Look below for the line containing "Women's Straw Crochet" and the line containing "Seascape Acrylic Print"; repeat exactly those two lines and all lines between them, and nothing else.

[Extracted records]
------------------------------------------------------------

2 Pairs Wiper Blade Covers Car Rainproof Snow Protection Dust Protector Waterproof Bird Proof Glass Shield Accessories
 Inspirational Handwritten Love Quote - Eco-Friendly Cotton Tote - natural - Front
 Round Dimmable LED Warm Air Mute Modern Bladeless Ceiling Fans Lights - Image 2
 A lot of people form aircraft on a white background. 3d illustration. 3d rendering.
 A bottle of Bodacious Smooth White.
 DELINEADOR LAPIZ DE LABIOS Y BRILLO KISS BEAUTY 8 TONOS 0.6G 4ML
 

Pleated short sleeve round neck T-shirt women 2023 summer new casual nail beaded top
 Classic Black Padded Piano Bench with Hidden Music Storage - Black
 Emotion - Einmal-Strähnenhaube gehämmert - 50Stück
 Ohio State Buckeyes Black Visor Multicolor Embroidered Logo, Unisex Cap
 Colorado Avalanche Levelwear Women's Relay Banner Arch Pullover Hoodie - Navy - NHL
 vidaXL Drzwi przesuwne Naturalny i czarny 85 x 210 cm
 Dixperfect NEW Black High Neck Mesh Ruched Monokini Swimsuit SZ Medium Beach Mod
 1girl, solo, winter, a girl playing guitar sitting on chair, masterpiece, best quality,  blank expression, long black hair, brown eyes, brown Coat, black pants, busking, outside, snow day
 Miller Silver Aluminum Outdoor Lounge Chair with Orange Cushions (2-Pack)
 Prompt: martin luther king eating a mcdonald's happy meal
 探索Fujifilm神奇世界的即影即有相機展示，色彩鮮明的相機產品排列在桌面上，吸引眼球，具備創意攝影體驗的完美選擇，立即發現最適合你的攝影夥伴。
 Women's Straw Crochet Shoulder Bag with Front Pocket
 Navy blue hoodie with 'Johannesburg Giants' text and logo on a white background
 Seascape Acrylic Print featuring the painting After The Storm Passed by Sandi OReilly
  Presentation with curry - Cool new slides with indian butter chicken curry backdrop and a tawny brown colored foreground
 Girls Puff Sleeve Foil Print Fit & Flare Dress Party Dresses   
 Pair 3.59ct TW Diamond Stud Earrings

------------------------------------------------------------

- Your solution
 Women's Straw Crochet Shoulder Bag with Front Pocket
 Navy blue hoodie with 'Johannesburg Giants' text and logo on a white background
 Seascape Acrylic Print featuring the painting After The Storm Passed by Sandi OReilly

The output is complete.